A cette question obsédante que se posent les prolétaires de savoir comment échapper à la menace grandissante du chômage, la bourgeoisie répond en appelant à lui faire confiance. Elle prétend que si tout le monde se serre la ceinture, cela ira mieux demain. Il faudrait donc accepter les sacrifices et courber l'échine, être solidaire des gouvernements.
Voilà plus de trente ans que l'on nous sert le même mensonge régulièrement. Les différents gouvernements se sont appliqués à nous faire croire que les ouvriers eux-mêmes étaient responsables de leur propre malheur.
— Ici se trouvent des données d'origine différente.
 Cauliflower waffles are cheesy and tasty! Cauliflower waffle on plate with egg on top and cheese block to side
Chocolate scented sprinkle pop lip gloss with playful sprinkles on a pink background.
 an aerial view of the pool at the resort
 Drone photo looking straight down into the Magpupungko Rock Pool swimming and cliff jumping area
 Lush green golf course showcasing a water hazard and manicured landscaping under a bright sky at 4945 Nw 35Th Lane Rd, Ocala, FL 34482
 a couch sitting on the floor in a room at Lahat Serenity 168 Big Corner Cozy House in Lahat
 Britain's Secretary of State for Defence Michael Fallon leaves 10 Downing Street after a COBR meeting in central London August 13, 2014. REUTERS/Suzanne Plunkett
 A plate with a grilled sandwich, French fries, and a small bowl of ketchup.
Ainsi Fillon s'insurgeait récemment du fait "inacceptable" que 300 000 emplois n'étaient pas pourvus et se proposait de prendre des mesures pour "convaincre les chômeurs d'accepter les postes proposés" ! La menace n'est même pas voilée et les effets d'annonce sur la redémarrage de l'économie viennent d'ailleurs à point nommé pour mieux la justifier.
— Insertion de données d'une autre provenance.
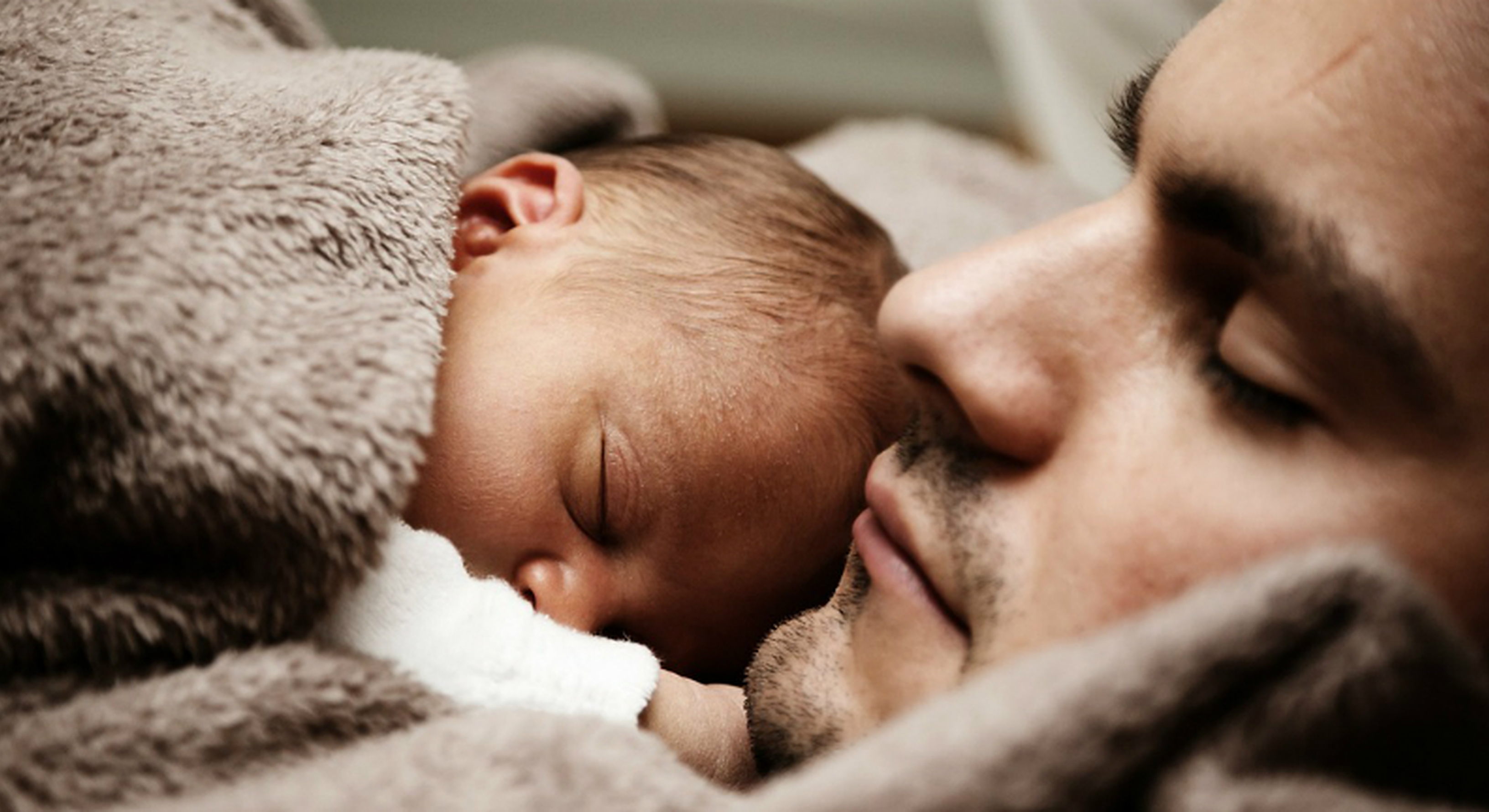 Dad and newborn sleeping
La vérité n'est pas que les chômeurs seraient des profiteurs et qu'il y aurait une solution au problème du chômage. La vérité c'est que la crise économique du système capitaliste n'a pas d'issue et que le chômage ne peut aller qu'en s'aggravant... La crise ouverte en 1968 a vu le chômage enfler régulièrement jusqu'à devenir massif et chronique au début des années 1980. Désormais, les capitaux nationaux ne peuvent survivre qu'en rejetant un nombre toujours plus grand de prolétaires dans le chômage. De récessions en récessions successives, les chômeurs se sont accumulés comme jamais. Alors que la surproduction a explosé, que les Etats croulent sous les dettes, la perspective de résorber le chômage est un odieux mensonge. Les sacrifices d'aujourd'hui ne font ainsi que préparer ceux de demain. L'Etat et les patrons licencient, suppriment des emplois, réduisent les salaires parce que la bourgeoisie française, comme celle de tous les pays, est contrainte de rationaliser la production, d'éliminer les secteurs non compétitifs, face à l'aggravation de la concurrence internationale.
Cette situation n'a rien de cyclique ou de conjoncturelle. Le chômage est une illustration frappante de la faillite du capitalisme. Il témoigne de la nécessité de renverser ce système moribond et de mettre fin à la misère qu'il impose par la révolution communiste mondiale.